Directors Restricted Stock Unit Award Agreement
Exhibit 10(ii)
2023
under the
TrustCo Bank Corp NY
Amended and Restated 2019 Equity Incentive Plan
This Directors Restricted Stock Unit Award Agreement (this “Agreement”) under the TrustCo Bank Corp NY Amended and Restated 2019 Equity
Incentive Plan (the “Plan”), dated as of the Grant Date set forth below, is made between TrustCo Bank Corp NY (the “Company”) and the participant set forth in Paragraph 3
(the “Participant”). Unless defined herein, capitalized terms are as defined in the Plan.
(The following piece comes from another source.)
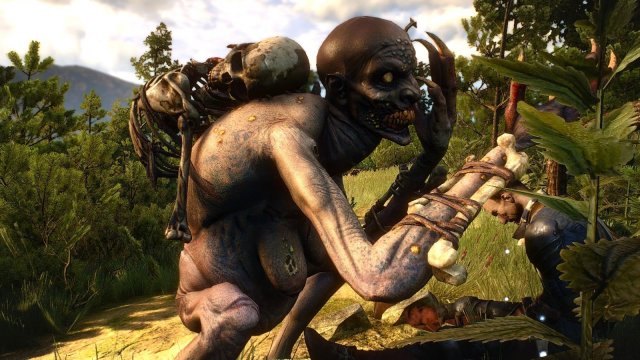 The Witcher 3 Screenshot 2025.05.01 - 21.43.03.04.jpg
The Award granted in this Agreement is contingent on the Participant agreeing to be bound by all of the terms and
conditions of the Plan and this Agreement by signing and returning this Agreement to the Company on or before the close of business on the thirieth business day after November 21, 2023 (that is, December 21, 2023). If the Participant fails to
return a signed copy of this Agreement to the Company on or before such date, this Award will be deemed to be voided and withdrawn and, as such, of no force or effect.
1. Grant. Subject to the provisions of this Agreement and the provisions of the Plan, the Company hereby
grants to the Participant an award (the “Award”) of the number of Restricted Stock Units set forth in Paragraph 3 (the “Restricted Stock Units”). Each Restricted Stock Unit shall represent the right to
receive upon settlement an amount of cash equal to the Fair Market Value of one share of Common Stock of the Company, subject to the terms and conditions set forth in this Agreement.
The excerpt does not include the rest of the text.